Police and government action against protestors in 2018 left 300 dead and 2,000 injured. Photograph: Inti Ocón/AFP via Getty Images
Police and government action against protestors in 2018 left 300 dead and 2,000 injured. Photograph: Inti Ocón/AFP via Getty Images

Over 100,000 have fled Nicaragua since brutal 2018 crackdown, says UN

This article is more than 4 years old

Exodus expected to continue from Central American country, amid fears of repeat of state and police repression

More than 100,000 people have fled persecution in Nicaragua, with numbers set to rise, two years after the country was plunged into social and economic crisis, the UN’s refugee agency warned.

Even after a violent crackdown against nationwide anti-government protests in April 2018 had subsided, Nicaraguan students, human rights defenders, journalists and farmers have continued to seek asylum abroad at the rate of 4,000 a month.

“With no resolution to the internal crisis in sight, UNHCR, the UN refugee agency, expects these numbers to grow,” said Shabia Mantoo, UNHCR spokesperson, in Geneva on Tuesday.

Brutal repression by the national police and armed pro-government groups in 2018, left 300 people dead, 2,000 injured and hundreds of people arbitrarily detained and prosecuted.

The Inter-American Commission on Human Rights (IAHCR) documented 777 arrests. Many of those detained were subjected to torture, electric shocks, asphyxiation and rape in prison.
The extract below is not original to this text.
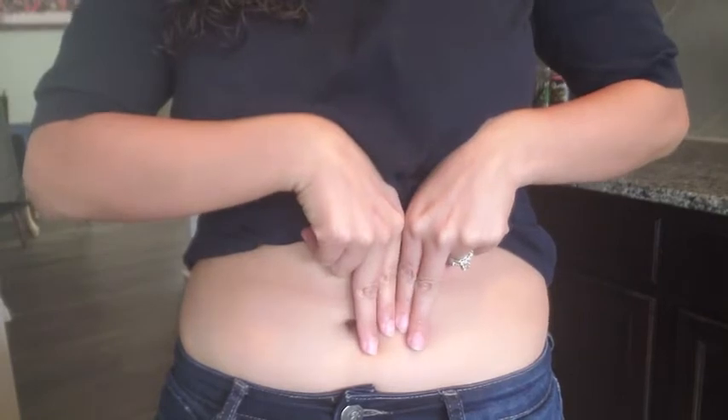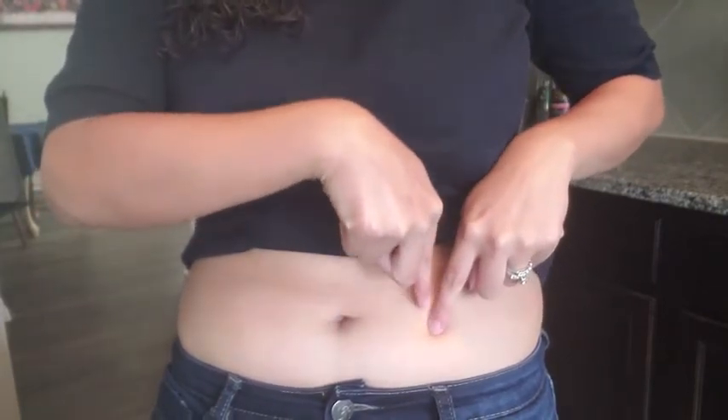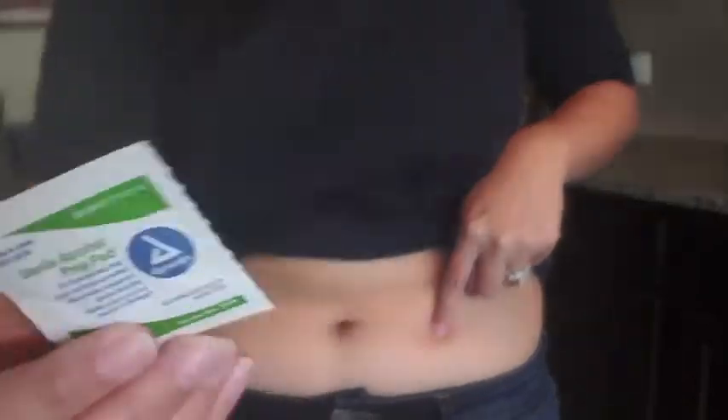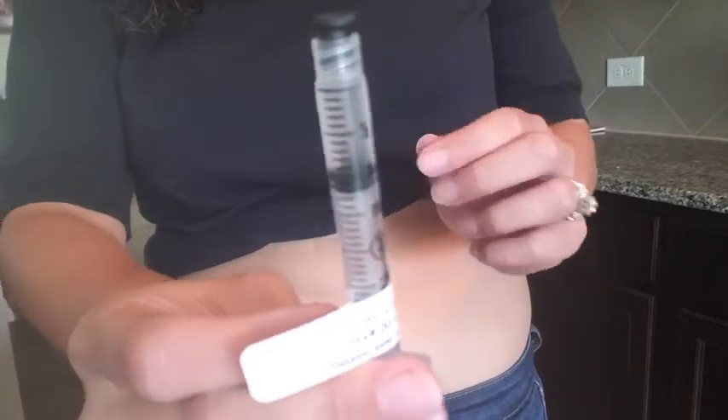You want to go about two inches away from your belly button. If you have to do more than one shot, alternate sides — right side of your belly button, then left. Then cleanse the area using your alcohol pad.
Costa Rica, Nicaragua’s neighbour, has received the majority of refugees and asylum-seekers, taking in two-thirds, or 77,000 people. A further 8,000 have fled to Panama and 9,000 have gone to Europe while Mexico is sheltering 3,600 Nicaraguans. In all, 103,600 are seeking refuge globally.

The UN has helped Costa Rica to streamline its protocols to speed up refugee status and protection for Nicaraguans, Mantoo said, as well as to allow 6,000 of the most vulnerable people to access health services.

Last week, the Committee to Protect Journalists called for an investigation into attacks on reporters covering the funeral of Ernesto Cardenal, a poet and priest, in Managua, Nicaragua’s capital. Local news outlets reported that the attackers wore red and black bandanas, the colours of president Daniel Ortega’s Sandinista ruling party.

Cardenal had once supported the Sandinista revolution before distancing himself from it and becoming one of Ortega’s most public critics.

Ivan Briscoe, the Latin American director of the International Crisis Group, an NGO aimed at resolving conflict, said levels of violence from the state and paramilitary police in Nicaragua has declined since the uprising in April 2018. However, the level of exodus from Nicaragua to Costa Rica “has not been seen at that speed or level” since the war, he said.

“What we are seeing is a quiet stifling of opposition,” said Briscoe. “We have seen a steady decline in the number of political prisoners, there are something like 60 political prisoners left, compared to hundreds last year. But most of them are under house arrest, which means their cases are still active and if the government wanted to crack down on them, they could.”

Nicaraguan citizens living in Costa Rica shout slogans during a protest against the Nicaraguan government inJanuary 2019. Photograph: Ezequiel Becerra/AFP via Getty Images

The UN human rights council has condemned abuses and has urged Ortega’s administration to resume co-operation with human rights bodies and negotiations with the opposition.

In November last year, police arrested 16 anti-government protesters, accusing them of carrying out terrorists attacks, amid a protest by mothers on hunger strike in a church in the city of Masaya.

Thirteen of those arrested were reported to be social leaders, trying to bring water to the mothers. The hunger strikers, demanding freedom for their children who they believe to be political prisoners, had locked themselves inside the church, in a protest seen as emblematic of similar demonstrations across the country.

The Sandinista party gained a 79% majority in Congress in 2016, enabling Ortega to fast track institutional changes that gave the president control over the army and police, allowed him to legislate by decree and to run for re-election indefinitely.